Manufacturing Proximity report

Feedback on the experience of the Manufacturing Proximity exhibitors during the last show

Exhibitors at Manufacturing Proximity came to showcase the competitiveness of their pricing, their respect for deadlines and their many quality standards. They also showed how they were innovating. Take the example of the Romanian company Formens which now offers Tech-tailoring, a programme for manufacturing natural, stretch, machine-washable, comfortable and crease-proof suits. “At the moment, the challenge in the market is to offer competitive prices and quality. We have to invest to improve our productivity. Launching a concept like Tech-tailoring illustrates that strategy, because everything is calculated to optimise manufacturing,” explained Osvaldo Pivano from Formens’ sales department.

Eco-responsibility is still the number one demand. “We are asked for fabrics with recycled fibres and in our factory, we have put place a system to collect paper and waste,” explained Kahraman Ünalan from the sales and marketing department of the Turkish group Yelkenci Tekstil, which employs nearly 550 people with an average output of 100 suits per day. Like the other exhibitors, he came to meet new order givers, as his primary market is the UK with representatives of John Lewis and House of Fraser.

The trend towards a more casual style of fashion continues to grow. For menswear manufacturers, trousers and jackets as separates are more in demand than business suits. The Turkish group, Gurmen Group can meet that demand. “We are very flexible. We have one factory for suits and another one for more flexible items,” explained Yasemin Demirci, key accounts manager.  The same applies for the Moroccan firm, RL Italy, which confirms that a sportier style of suit is in vogue with its clients. This is good news for the Casablanca-based manufacturer as 80% of its clients are Italian labels looking for more casual cuts, such as jackets with a natural shoulder line.

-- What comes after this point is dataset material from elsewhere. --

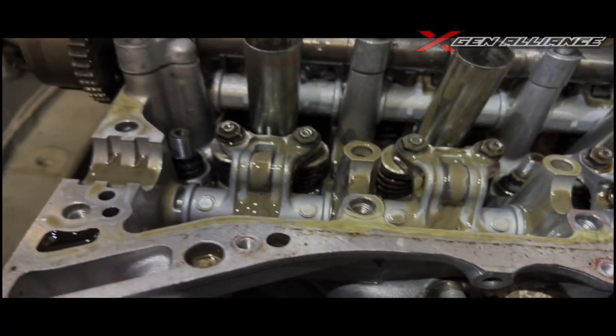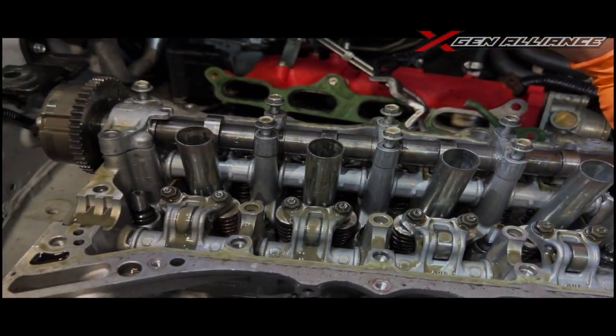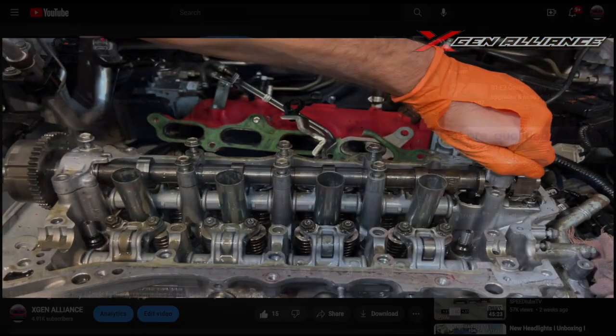We definitely have a head gasket issue — look how milky all the oil is. George pointed that out. We're starting the teardown now; the cams are coming off.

The same desire for casual style is expressed in womenswear at Öztek, a Turkish company that can manage the entire production cycle from manufacturing fabrics through to the tailoring, dyeing and printing. The Portuguese knitwear specialist, Siena, also notes this demand for leisurewear and sportswear products from its buyers, which range from Zara to Armani.

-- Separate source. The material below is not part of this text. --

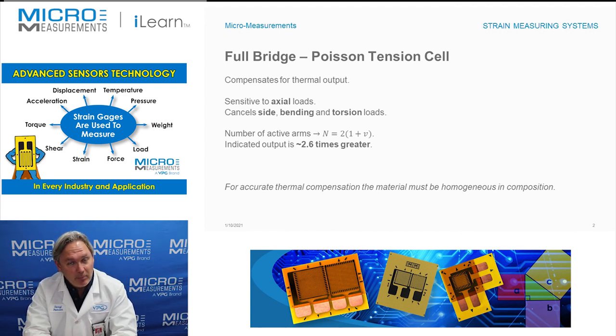So it gives you more output, cancels unwanted loading conditions, and is sensitive only to axial loads. If you'd like to find out more about a full Poisson bridge, take a look at our website at www.micro-measurements.com.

On the business side, the atmosphere of the show was rather calm, according to certain exhibitors. “But those who have come are really here to do business. It is serious stuff and that’s what makes this show interesting,” observed Mourad Faroumi, in charge of marketing and product development at RM Confection, a Moroccan company which produces jeans and chinos and whose references include not only IKKS but also the designer Paul Smith. Some, like RL Italy, have had some appointments cancelled because of the storm that disrupted air travel. The coronavirus is also in everyone’s mind. “It is a problem because China is the world’s powerhouse, but it is too soon to really know what is going to happen,” was the cautious assessment of Osvaldo Pivano at Formens.